January 2, 2012

Young Adult: Can’t Find My Way Back Home

(© 2011 - Paramount Pictures)

In Young Adult, Mavis (Charlize Theron) is an impossibly beautiful (and she knows it), divorced writer of young adult fiction in her mid to late 30s who lives self-absorbedly in big city Minneapolis, parties too often, drinks too much, sleeps with the TV on tuned perpetually to The Kardashians, isn’t the least bit nice, and yet now wishes she could have done things differently. So she decides to go back to her suburban Mercury, Minnesota roots and try to reunite with her long-lost high school love – the one that got away.

So far, this film has all the makings of a romantic comedy starring the interchangeable Jennifer Aniston, Julia Roberts, or Sarah Jessica Parker.

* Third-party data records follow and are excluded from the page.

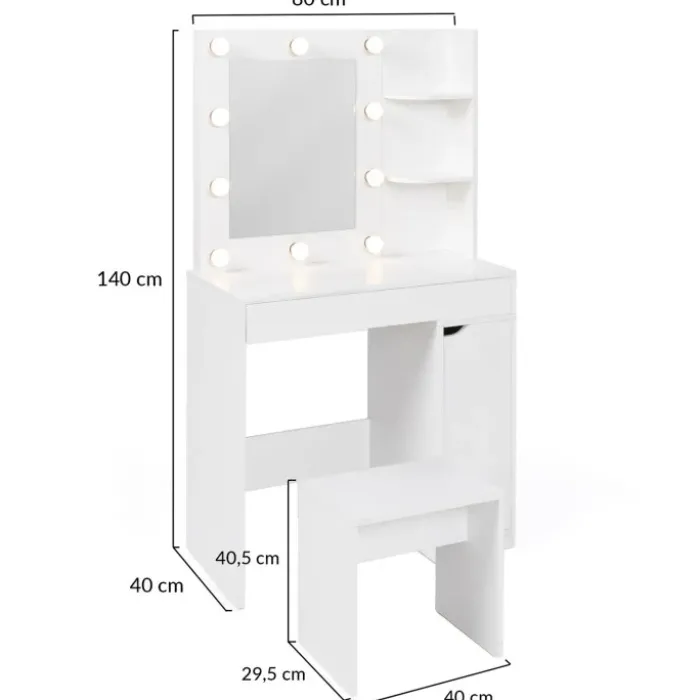 Coiffeuse blanche avec miroir LED et tabouret 1 tiroir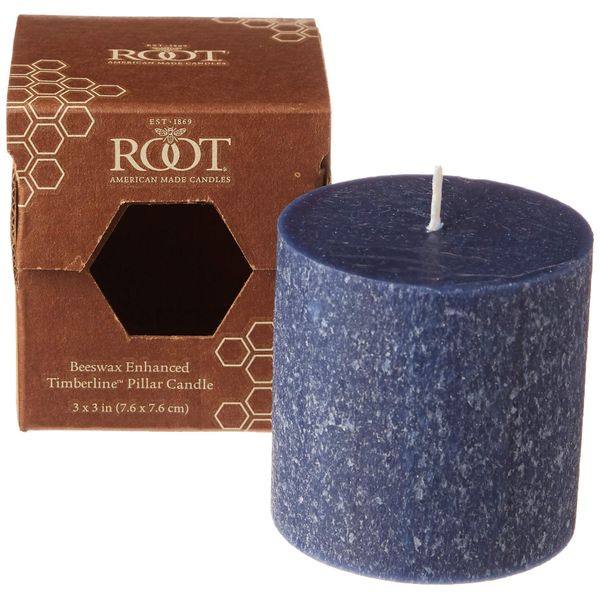 Root Candles Unscented Timberline Pillar Candle , 3 x 3-Inches , Abyss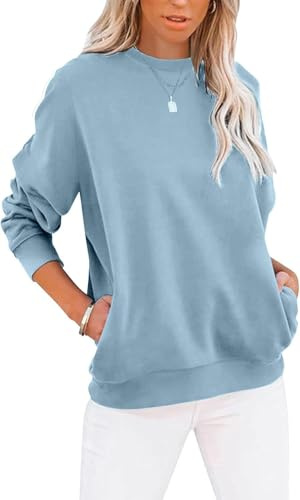 Cuptacc Sudadera Mujer sin Capucha Camiseta Mujer Cuello Redondo Manga Larga con Bolsillos T Shirt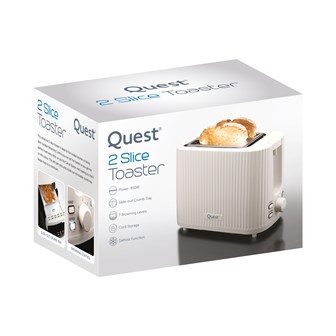 2-Slice Grooved Toaster - White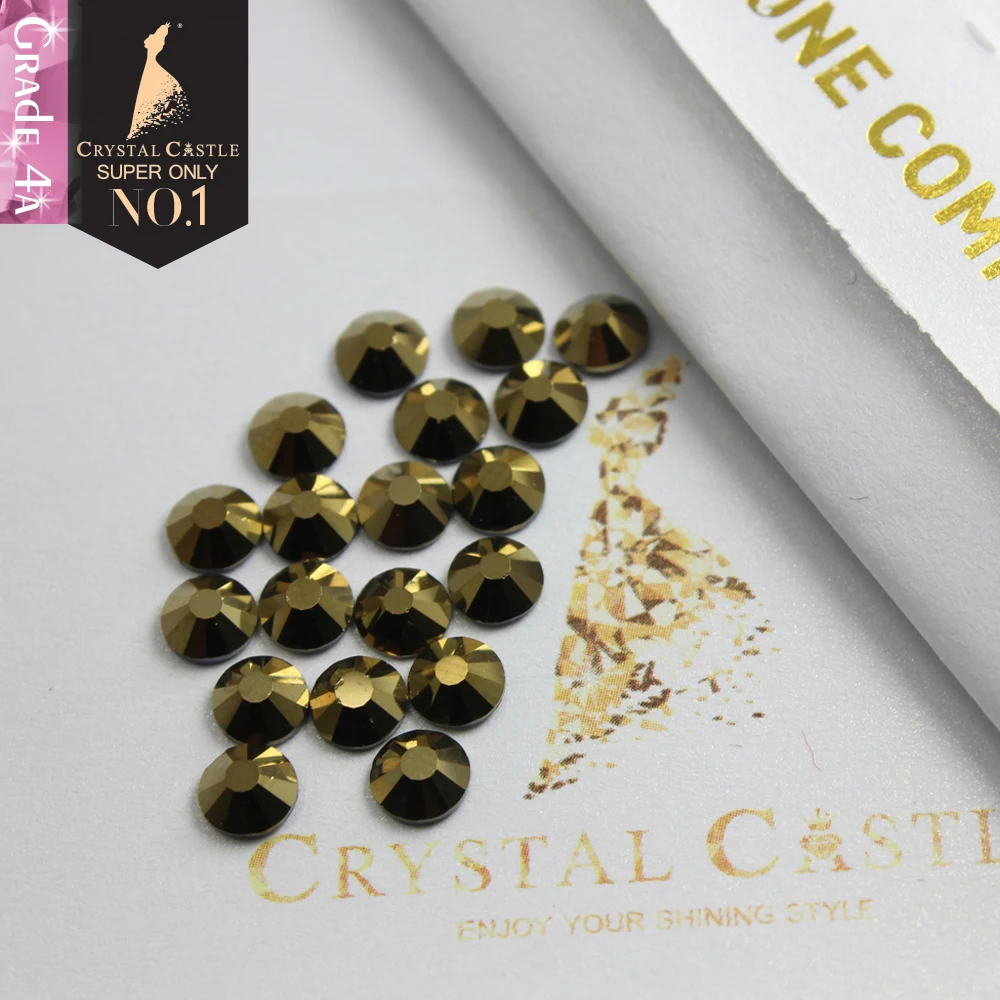 Crystal Castle Sports Tøj Dekoration 4A Virkning Farve Strass Glas Krystal Rhinestone Hotfix T-Shitt DIY Indkøbskurv Hot fix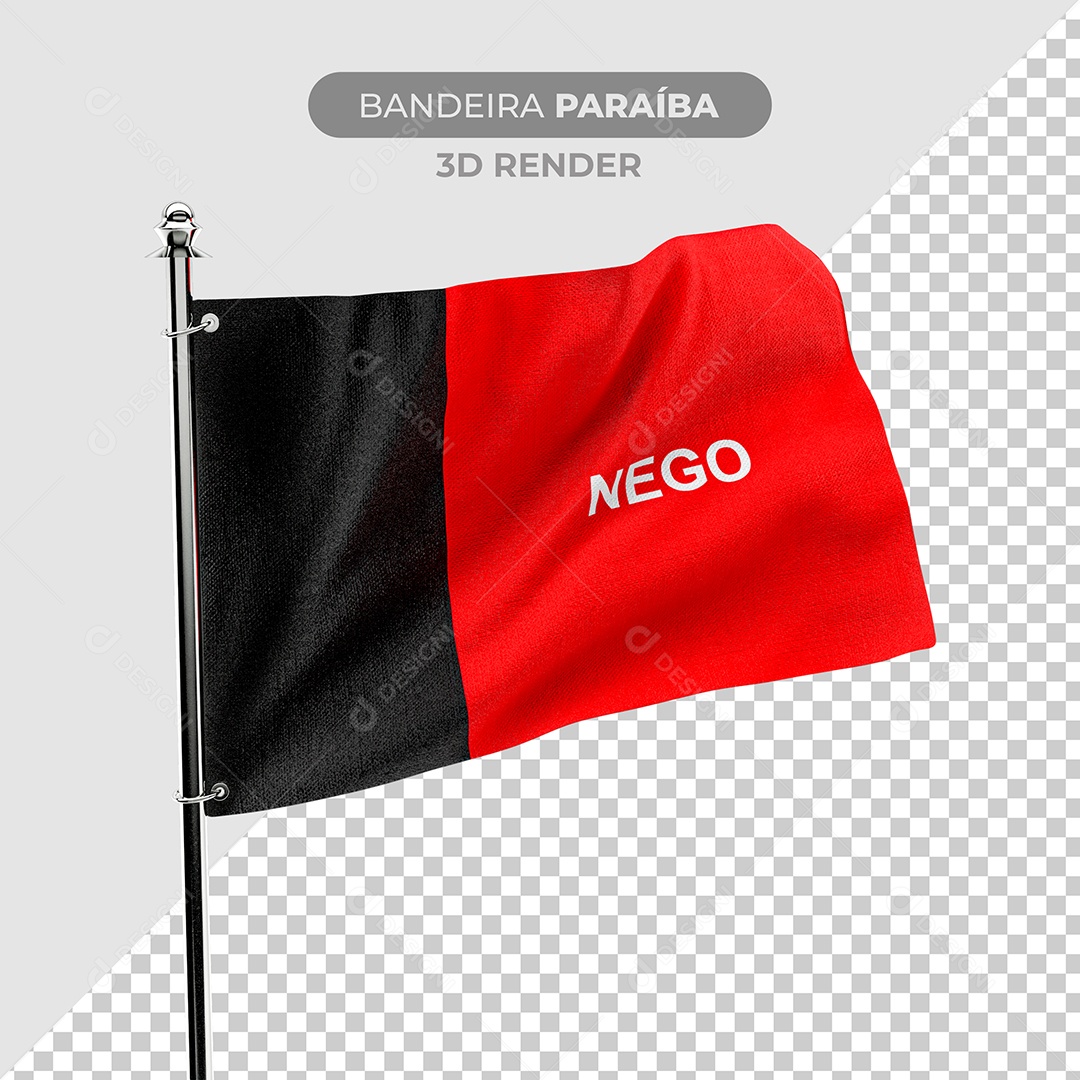 Elemento 3D Bandeira Paraíba Para Composição PSD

Throw in Jason Bateman, Ryan Reynolds, or Josh Duhamel and, ladies, we’ve got the perfect recipe for a feel-good movie that you can relate to and walk out of feeling like true love is possible for you too, right?

Wrong!

 
Young Adult comes from the razor-sharp pen of Diablo Cody (the author of Juno). Her mercilessly cynical writing is immensely entertaining, poignant, and funny…and all too uncomfortably relatable to a generation of women and men who suddenly find all their friends evaporating into an incessantly-self-described state of blissful matrimony and parenthood, while they’re in a suspended state of discontented adolescence. Stuck in such a purgatory, even the strongest willed among us surely have considered doing what Mavis does by going back home and righting the wrongs of the past.

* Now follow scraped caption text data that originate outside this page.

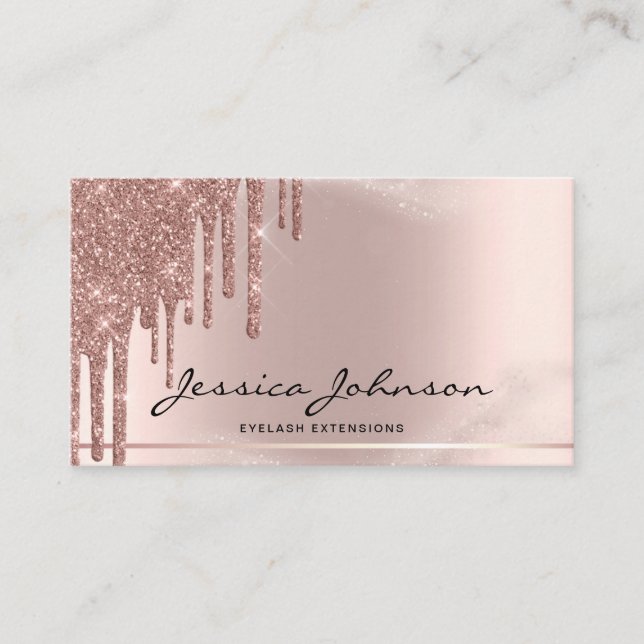 Carte De Visite Parties scintillant de Glam Rosegold goutte Eyelas (Devant)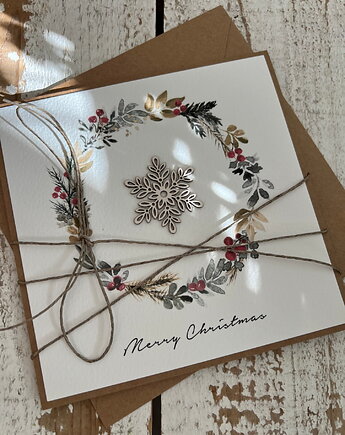 Stylowa ręcznie robiona kartka świąteczna Merry Christmas, sorte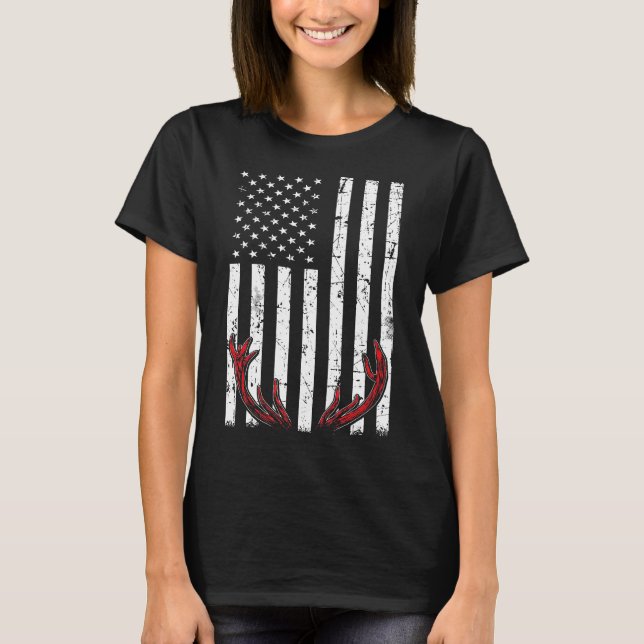 T-shirt Drapeau américain Deer Antlers Chasse Pêche (Devant)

However, as the cliché states: You can’t go back home. Your mirror may deceive you into thinking you haven’t changed, but the people, consequences, and circumstances you’ve left behind have. Mavis returns home, meets up with her old boyfriend Buddy to whom she’s pinned all her hopes and dreams for the future…and hits the brick wall – or street lamp (see the movie!) – of reality.

Theron would be a solo tour de force of nature in this movie if not for comedian Patton Oswalt’s portrayal of Matt, the perpetual loser/geek who was literally scarred for life by high school (again, see the movie!) and who still collects action figures, distills homemade bourbon, and owns a collection of ‘90s indie-rock t-shirts. Mavis may have ignored Matt throughout high school, but now years later, with all the reluctance and disdain of the still-mean prom queen forced to acknowledge the class geek, she grows to rely on him as her confidante, voice of reason, drinking buddy, and more.

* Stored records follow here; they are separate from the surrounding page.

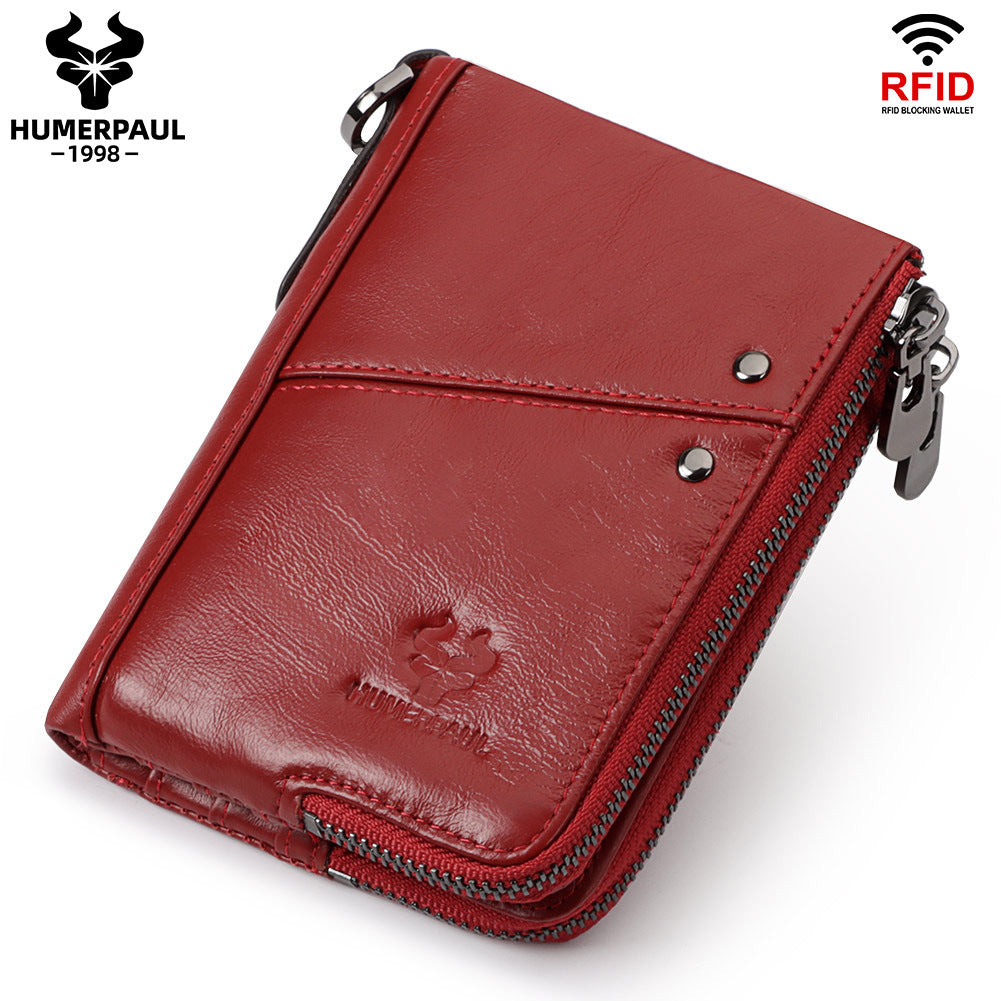 Genuine Leather Double Zipper Wallet - Red RFID Blocking Bifold Card Holder - Vintage Cowhide Purse with Coin Pockets (13cm)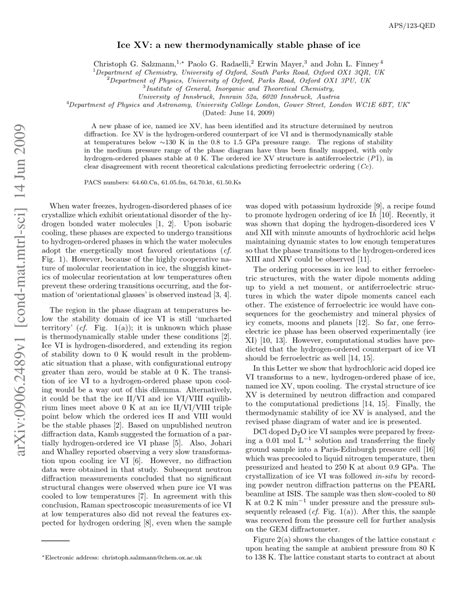 Pdf Ice Xv A New Thermodynamically Stable Phase Of Ice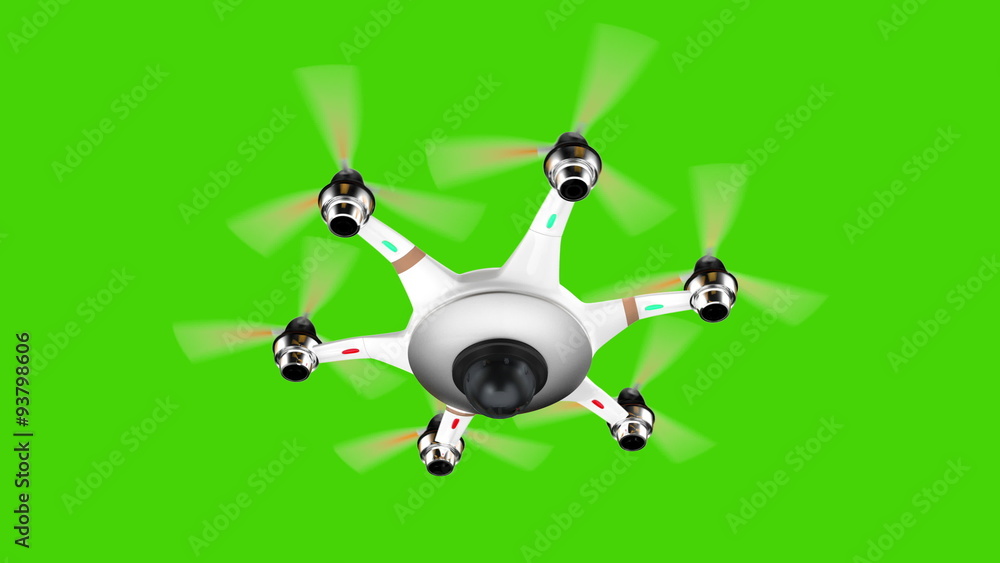 Poster drone with surveillance camera flying on green screen. seamless looping 3d animation.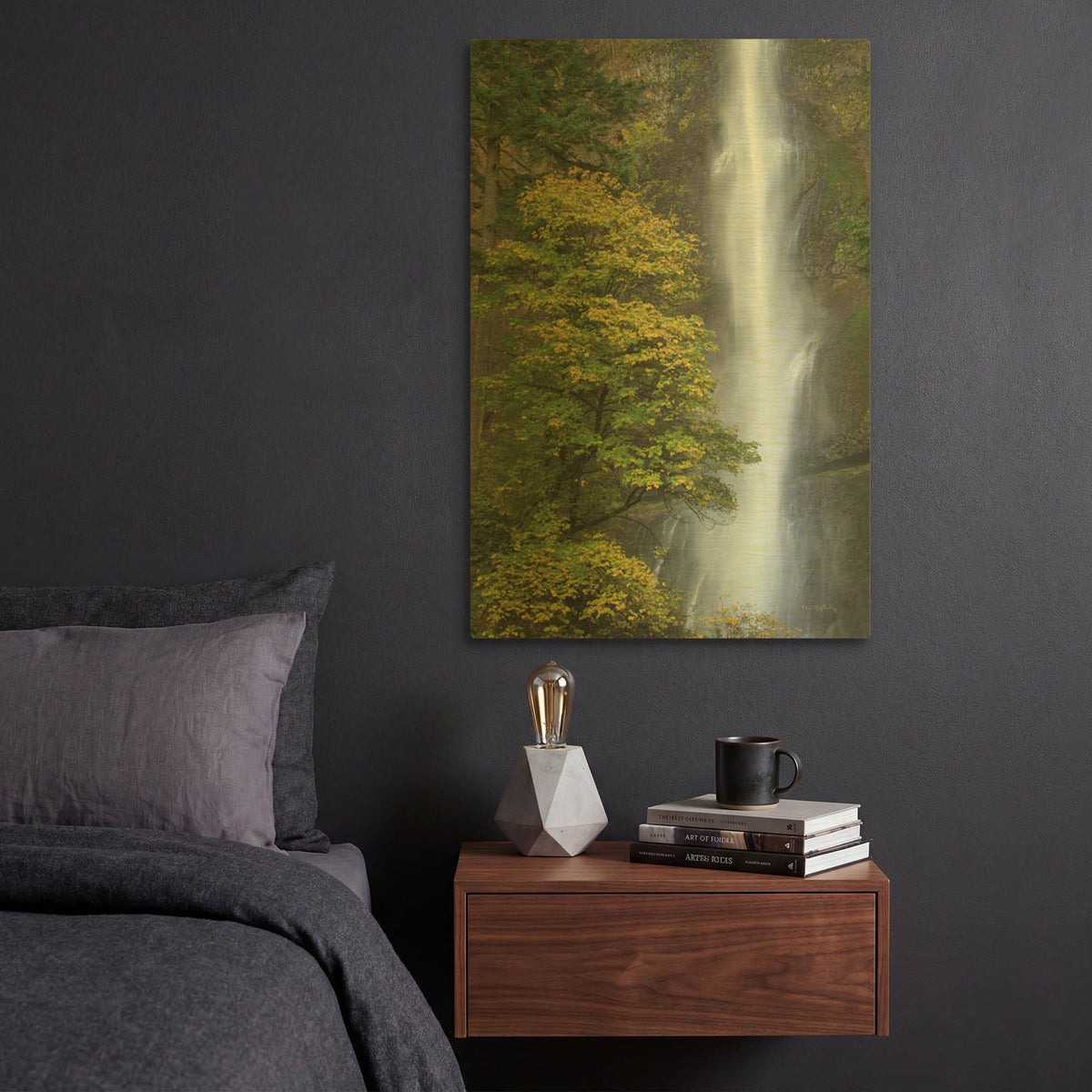 'Multnomah Falls color' By Alan Majchrowicz Gold Metal Wall Art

While the Mr. Big-dreaming fans of a certain franchise may find this movie and Mavis abhorrent, welcome to the dark and real side of life (or as real as a comedic film gets) and embrace the uncomfortable humor of Young Adult.

Seemingly free of the constraints of Hollywood focus group audiences, America’s Sweethearts, and cliché, Cody has teamed up with the equally talented devil-and-single-women-may-care Theron to produce a wholly unsympathetic character and date movie from hell – and it's a damn good one!